TRY IT: Give back, exactly as written, the lines of the listing from the top through the line holding "You can see", and nothing more. Exclude pictures.

GIVEN INFORMATION:
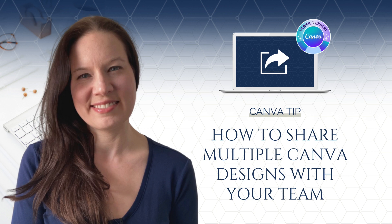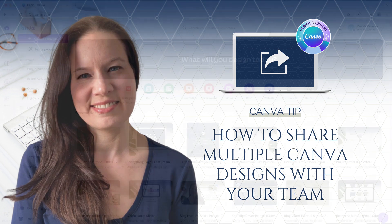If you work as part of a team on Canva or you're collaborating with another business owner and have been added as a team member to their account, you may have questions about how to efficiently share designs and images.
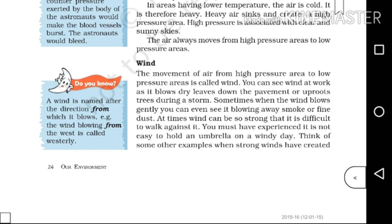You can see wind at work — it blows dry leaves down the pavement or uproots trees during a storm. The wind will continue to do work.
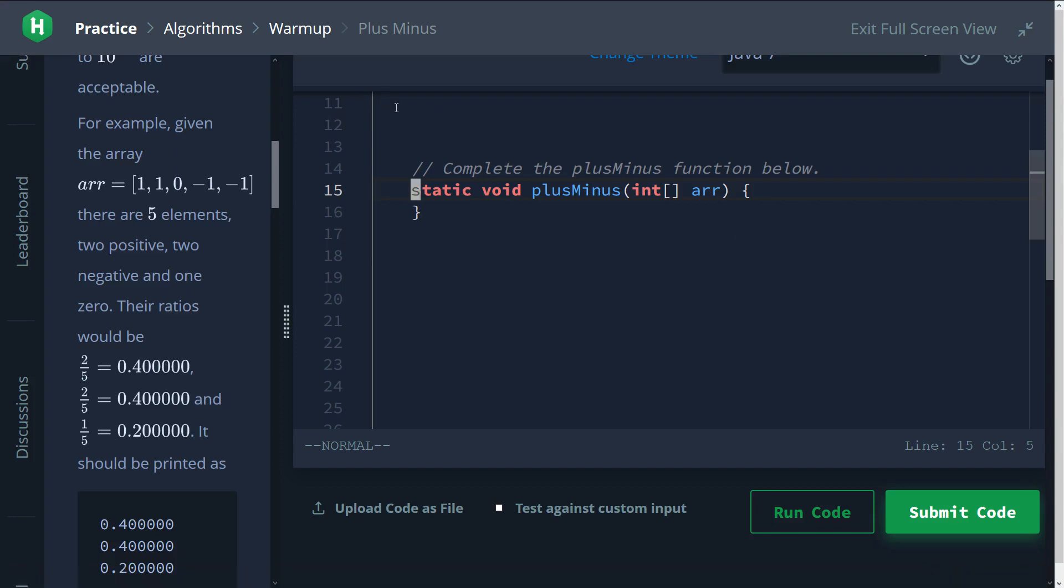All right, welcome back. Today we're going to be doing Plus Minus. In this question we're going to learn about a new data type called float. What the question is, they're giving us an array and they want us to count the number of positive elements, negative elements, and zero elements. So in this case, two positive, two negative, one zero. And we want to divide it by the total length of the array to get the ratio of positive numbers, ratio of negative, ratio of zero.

EXERCISE RESPONSE:
If you work as part of a team on Canva or you're collaborating with another business owner and have been added as a team member to their account, you may have questions about how to efficiently share designs and images.
You can see wind at work — it blows dry leaves down the pavement or uproots trees during a storm. The wind will continue to do work.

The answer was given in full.